Но мне надо было разобраться не только с этим. Почему-то лезут ассоциации из мира животных. Что почувствует павлин, если ему разом - без боли - выдрать хвост? Наверное, ужасный дискомфорт, стыд и горе, что лишился такой красоты. У меня тоже вырвали хвост, стыда я не чувствовал, скорее наоборот, но дискомфорт и сожаление были. Мамин род был для меня эфемерен. Я не знал ни дедушки, ни бабушки, покончивших самоубийством задолго до моего рождения, о тех же, кто им предшествовал, не имел никакого понятия, кроме того, что иные подвизались при дворе. А за Марой были живые лица: едва-едва мерцающий, дискретный, но милый образ бабушки и - весь плоть и жизнь, тепло и любовь - мой чудесный дед; через эту семью я был связан с историей вплоть до Петра, когда геройствовал ревельский, в пороховом дыму, генерал-майор Дальберг, но особенно жаль мне было лишиться генерал-лейтенанта Дальберга, повернутого к мужичкам совсем иной стороной, чем бедный ефремов-ский студент, и немецкого чемпиона, игравшего с гениальным Морфи. Не хотелось терять - из другого рукава - знаменитого Герберта Маркузе и пианиста Блуменфельда, тут были личности, одолевшие время и безмолвие, а сейчас за мной зияла пустота, сбоку припека маячили плохой художник Мясоедов да пушкинский дурак.
А почему я должен отказываться от тех, кто за Марой, в нем наша нерасторжимая связь...
14
Наконец я очухался, до конца осознав случившееся. Итак, я сын России, а не гость нежелан-ный. И я не обременен излишней благодарностью к стране березового ситца, ибо видел ее изнаночью, нет, истинную суть. Я в отличной физической форме и. не боюсь драк, в том числе с применением вспомогательных режущих, колющих и дробящих кость предметов. Я могу дать кому угодно в морду, не опасаясь, что за плечами обиженного встанет вся страна огромная, готовая на смертный бой, ибо та же страна за моими плечами. Так что разборка пойдет один на один. Думалось об этом со сластью и зубовным скрежетом. Почему-то иного способа реализовать обретенное богатство я не видел.
Лекарство, полученное от мамы, было сугубо внутреннего, но никак не наружного применения. Уточнениями в моей биографии я не мог ни украсить личное дело в отделе кадров Союза писателей, ни поделиться с друзьями. Среди преступлений коммунистического режима было два, которыми этот режим особенно дорожил: разгром Кронштадтского мятежа и ликвидация антоновщины. Быть может, потому, что здесь имелся не вымышленный, а реальный враг. С мятежными матросами и взбунтовавшимися крестьянами не надо иметь никаких связей.
Боясь разворошить много боли, я ни о чем не спрашивал мать. Но любопытство мое было все же растревожено. Меня не устраивала причина гибели студента, которая с подсказки отчима прозвучала: за язык. И что значит "за язык"? Если он просто болтал - это одно, если вел агитацию среди крестьян другое.

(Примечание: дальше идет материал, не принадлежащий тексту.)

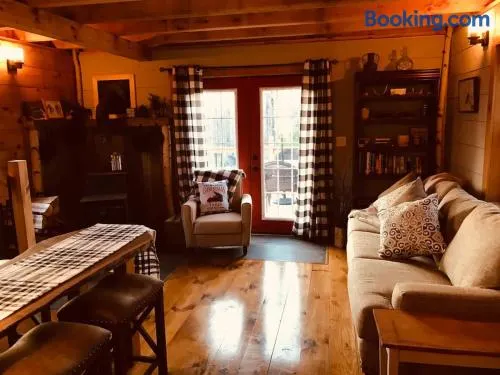 The Birches Cabin, at home in the woods! - Image 1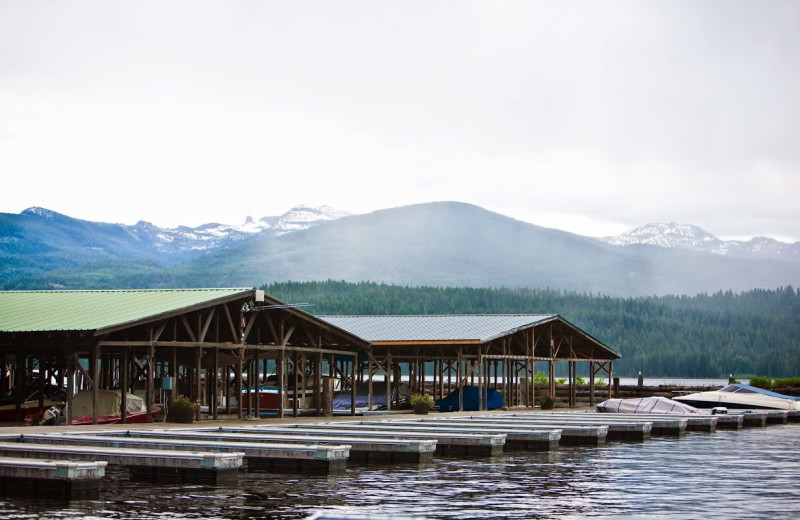 Marina at Elkins Resort.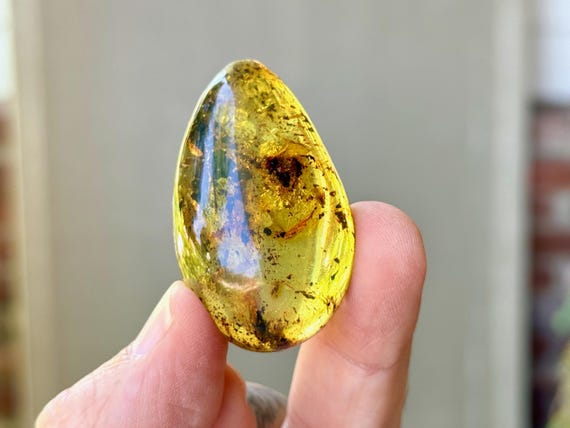 Green Copal Amber with Fossilized Plant Matter, 10g, Rare Find, Cycle of Life, Ancient Wisdom, Cimitarra, Colombia S698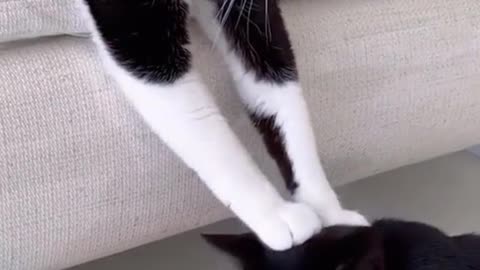 Funny video cat drink water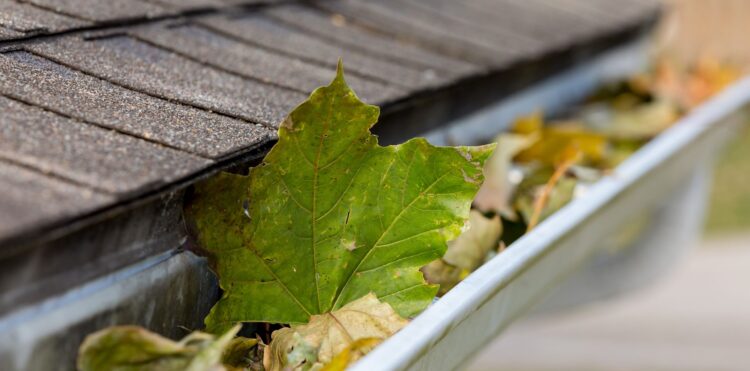 gutter cleaning - Simple Act with Profound Impacts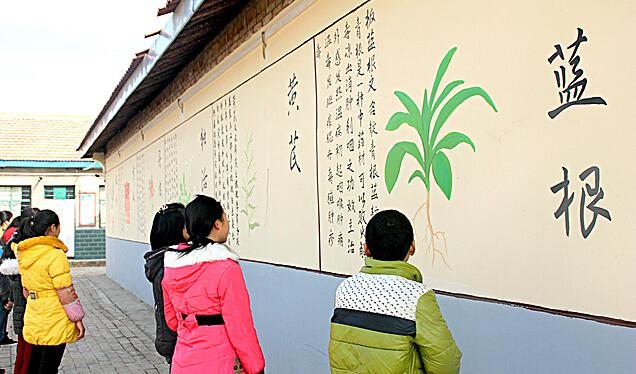 甘肅省慶陽(yáng)市慶城縣南莊九年制學(xué)校建起中藥知識(shí)文化墻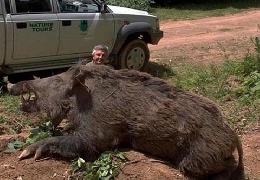 Biggest boar ever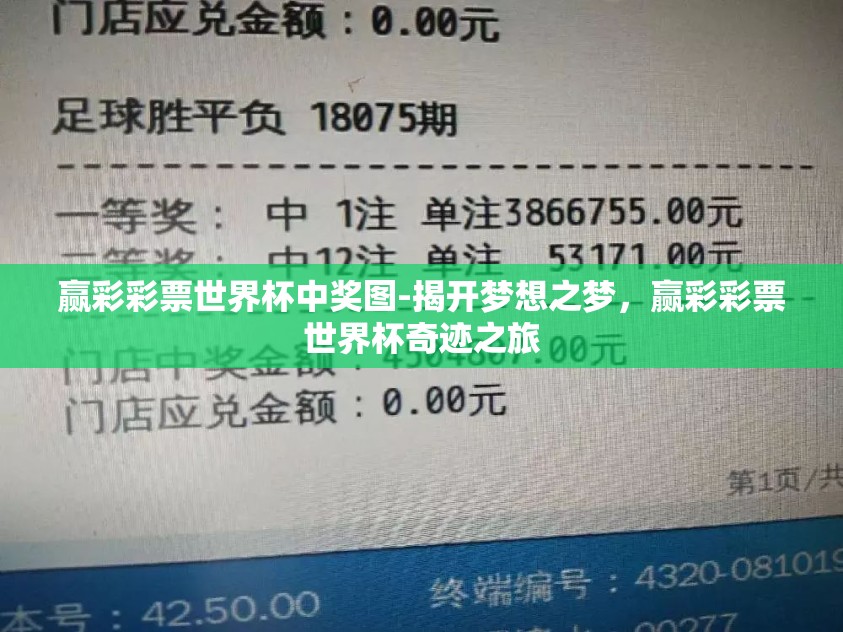 赢彩彩票世界杯中奖图-揭开梦想之梦，赢彩彩票世界杯奇迹之旅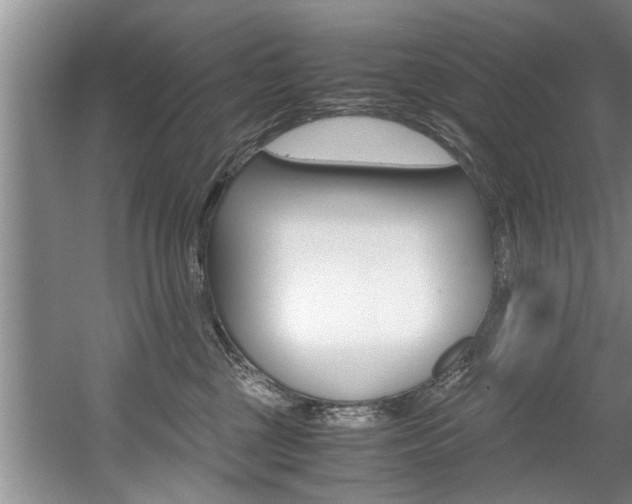 X0000056000377200508190828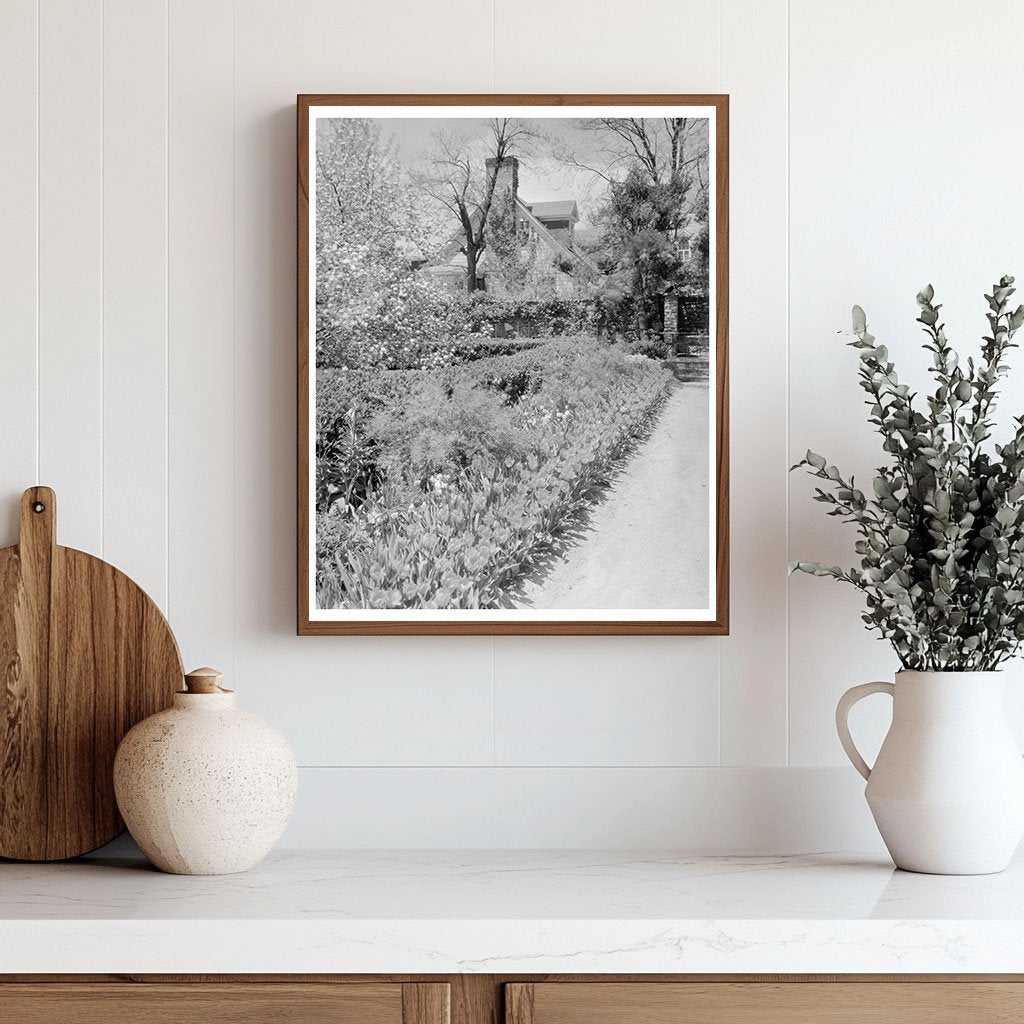 Middleburg, Virginia Vintage Photo, Early 20th Century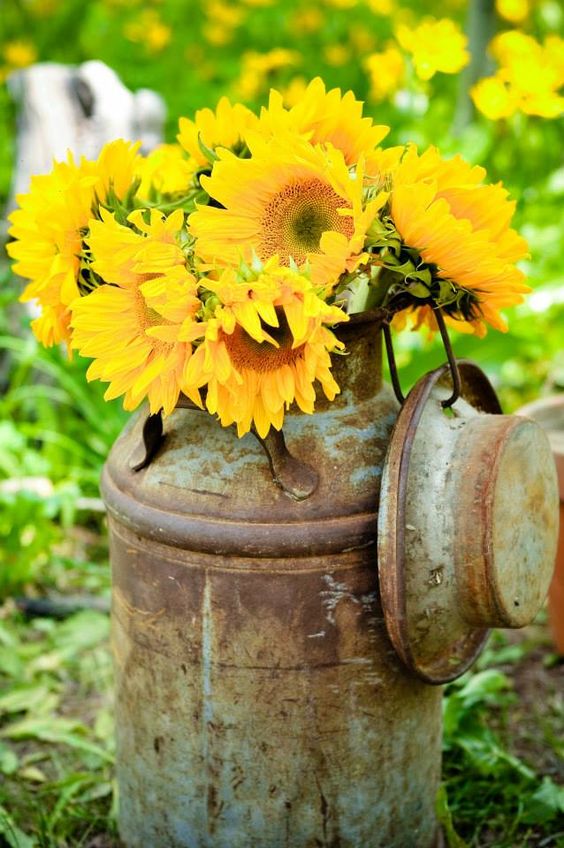 30 Rustic Country Wedding Ideas with Milk Churn 24 Sunflowers in an antique milk can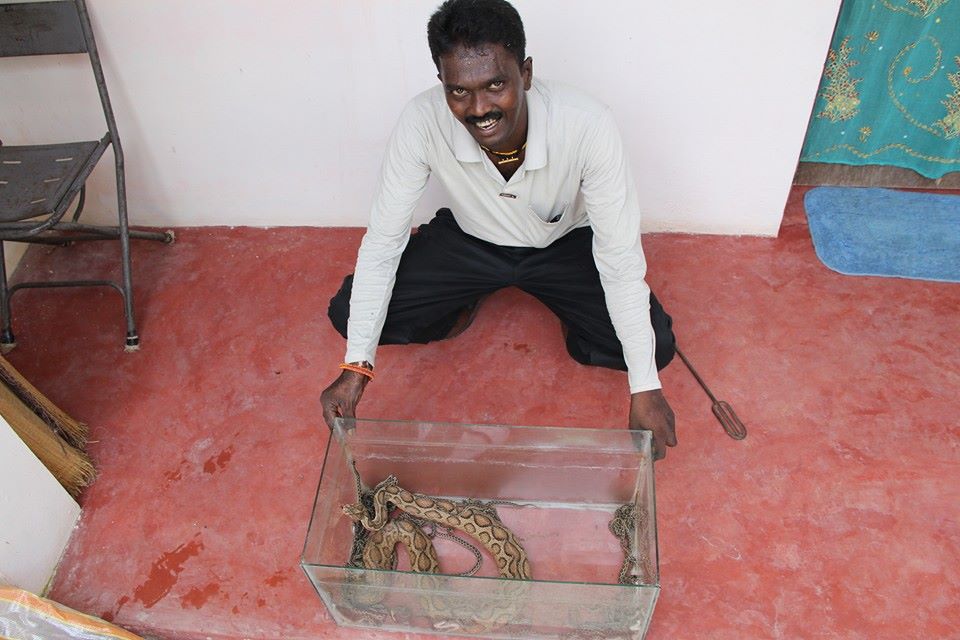 Know for his personal mission to save stray snakes that wander into inhabited regions in India, his life's work is to rescue they creatures and set back towards the wild to avoid being killed.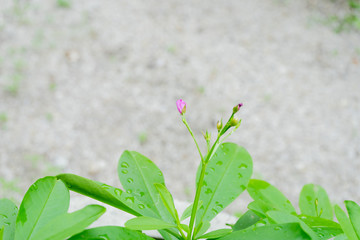 close up a green tree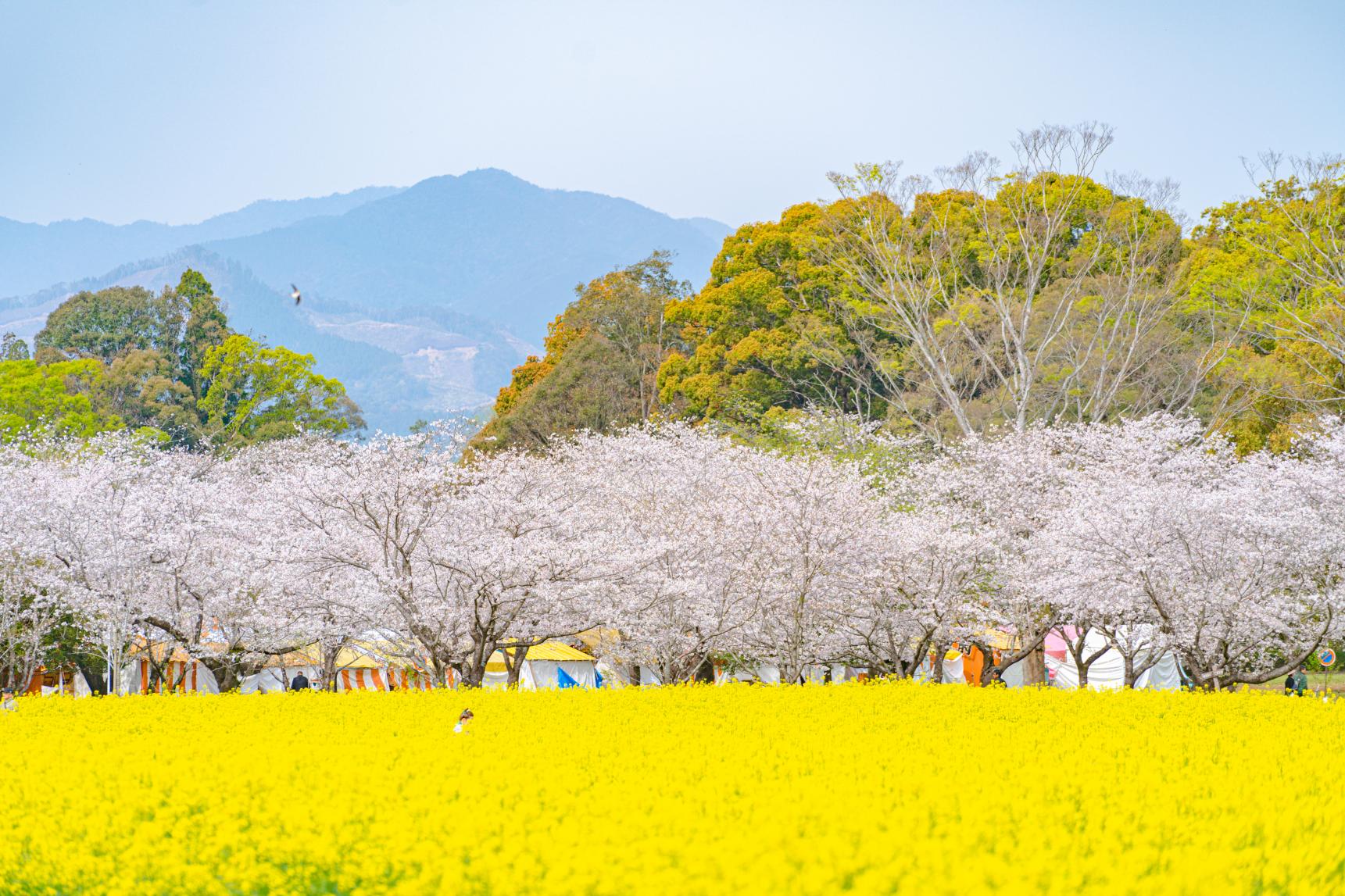 菜の花-7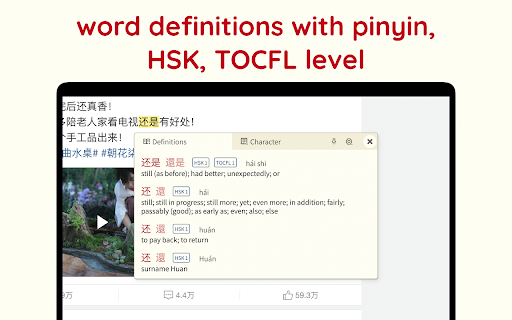 LingLook screenshot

Надо было бы съездить в Ефремов, но ведь у нас невозможны нецелевые поездки. В гостиницу без командировочного удостоверения не попадешь, да и бдительность в райцентрах ничуть не уступает столичной. Если я буду мотаться по городу и расспрашивать встречных людей о человеке, чье имя может быть здесь одиозным, это плохо кончится. И тут мне повезло. Журнал "Знамя", членом редколлегии и постоянным автором которого я был, отправился в Ефремов для выступления на химическом комбинате имени Лебедева.